Ford Weaseling Out Of Full F-150 Airbag Recall
A little more than a year ago I noted that Ford F150’s had a mysterious exploding airbag problem, reporting that NHTSA was investigating F150 airbag complaints. In that article I predicted that Ford would likely need to recall some trucks, as their own internal documents indicated airbags were spontaneously exploding due to an electrical short. From Jan, 2010:
In light of Toyota’s recent recall problems, Ford would be wise to get ahead of this thing as quickly as possible…The F150 is Ford’s most popular vehicle, and they can ill-afford to have consumers question the truck’s safety… Hopefully, Ford will manage this issue better than Toyota
Today Ford announced that they would be recalling F-150s to fix this problem, but reportedly Ford will only recall 150,000 trucks rather than the approximate 1.5 million that NHTSA has requested. Ford argues that the only trucks effected by this airbag problem were built at the Norfolk, VA plant, yet NHTSA investigators have found evidence of spontaneously exploding airbags on F150s made at other plants (link).
In March of 2010, Toyota came under heavy fire when records showed that Toyota executives attempted to “negotiate” their way out of a NHTSA floormat recall to save money. Today, Ford seems to be doing something similar: Rather than replacing airbag assemblies on 1.5 million trucks as suggested by NHTSA, Ford is only going to replace 10% of the assemblies.
Evidently, 90% of 2004-2006 F150 owners who may be driving around with a spontaneously exploding airbag aren’t important to Ford.
Ford Negotiating Size and Scope of Airbag Recall?

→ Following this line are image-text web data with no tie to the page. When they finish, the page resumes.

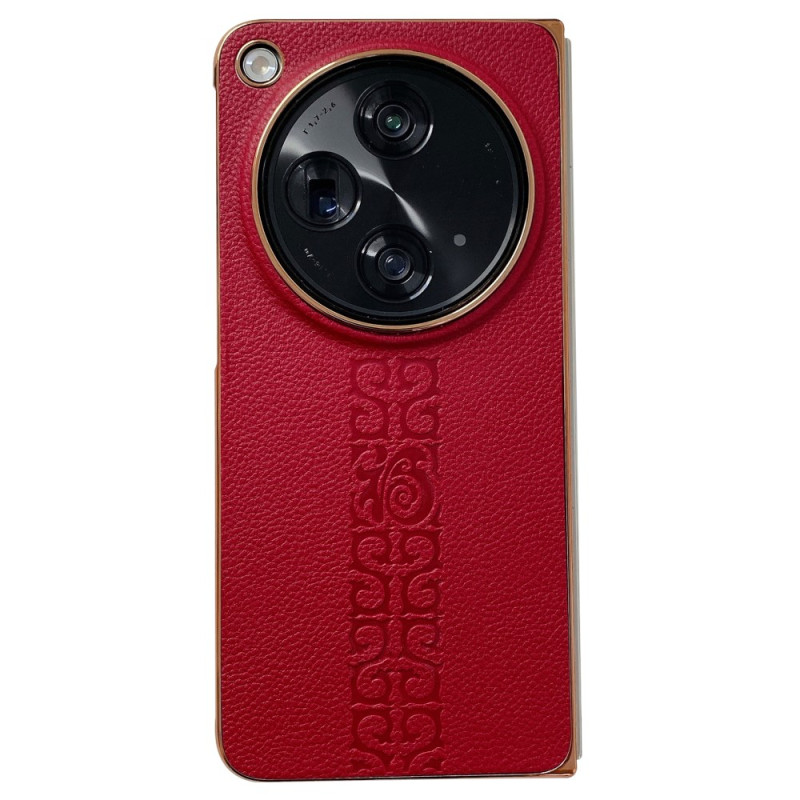 Oppo Find N3 5G Croco Style Case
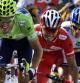 Vuelta a España 2012: Valverde, Purito y Contador protagonizaron un mano a mano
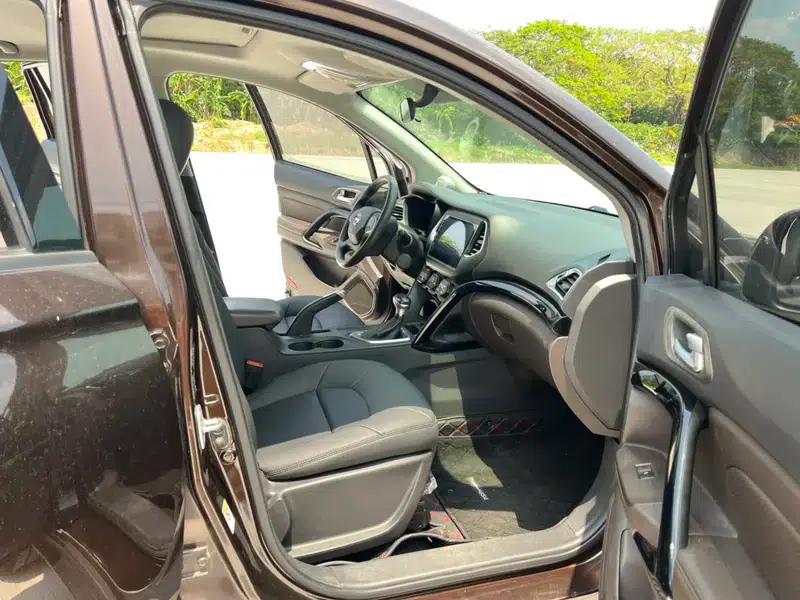 Trumpchi GS4 2015 200T G-DCT Elite Edition — миниатюра 22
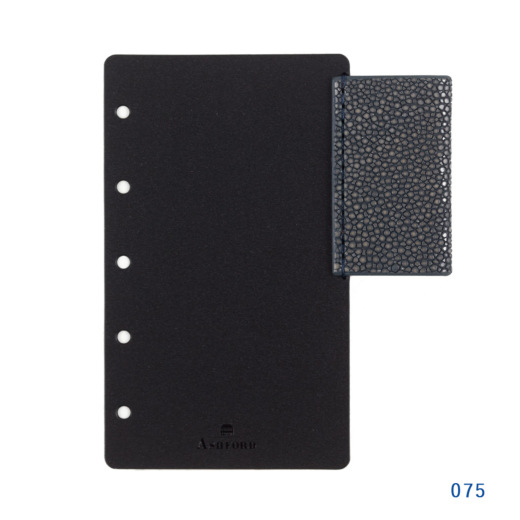 ガルーシャストレッチペンホルダー MICRO5 [a2583] 手帳の中身(サイズ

Considering Toyota’s tremendous publicity fiasco of 2010 – from their slow response to recall concerns to the evidence of “negotiated” recalls – it’s hard to believe Ford would attempt to limit the size and scope of a safety recall. However, Ford seems to believe that they can get away with something that Toyota was (rightly) lambasted for not even 6 months ago. Consider the following:
- NHTSA requested that Ford recall 1.5 million vehicles
- Ford feels that Norfolk-built trucks were the only problem units, so they have only recalled those units
- NHTSA has recorded complaints of spontaneously exploding airbags in F-150s that were not built at the Norfolk plant
- Ford changed their airbag system design in 2006, and F150s made after that date do not have this problem
It will be interesting to see how NHTSA responds to Ford’s decision to limit the size and scope of their recall. If NHTSA determines that Ford’s recall wasn’t large enough, they will call for a public hearing. If the result of that hearing is to mandate a larger recall, will there be a fine? NHTSA fined Toyota just shy of $50 million dollars in 2010 for “being slow to respond to safety concerns” – is there a fine involved when an automaker flat-out refuses to conduct a recall?
Why Ford Is Recalling The F-150
According to NHTSA complaints, 2004-2006 F-150 driver airbags have been known to detonate as soon as a key is inserted into the ignition. Mostly minor injuries have been reported – burns and scrapes, with a few chipped teeth and fractured hands, arms, wrists, etc – and evidently these injuries aren’t significant to Ford. According to KVVU News, Ford execs tried to “negotiate away” this recall:
In May, Ford told the government that the problems didn’t “present an unreasonable risk to vehicle safety” because there was a low rate of alleged injuries and the air bag warning lamp provided an “obvious warning” to drivers….Richard Boyd, NHTSA’s acting director of defect investigations, wrote in a Nov. 24 memo that…Ford did not believe the issue “warrants any corrective action” because the number of reports and incidents were low, owners received “adequate warning” from the air bag warning light and the “resulting injuries are minor in nature.” The government said Ford should conduct a recall “to remedy this defective condition.”
Ford executives seem to have taken the position that F-150 owners should have had enough common sense to get their airbag fixed when the airbag light came on…but that seems a little flippant. What if you were heading to the dealership to get the airbag fixed when it suddenly deployed? What if you couldn’t afford the repair? The airbag’s failure mode should be spontaneous detonation, should it?
Also, since when did common sense matter in a safety recall? Fears of unintended acceleration in Toyota products led to a series of massive recalls, despite evidence that the problem was both uncommon and easily responded to by removing the ignition key, shifting into netural, etc.
It says here that Ford will be expanding the F150 recall very soon. It also says that Ford executives should be lambasted for trying to weasel out of a safety issue – just like Toyota’s execs were lambasted before congress about this same time last year.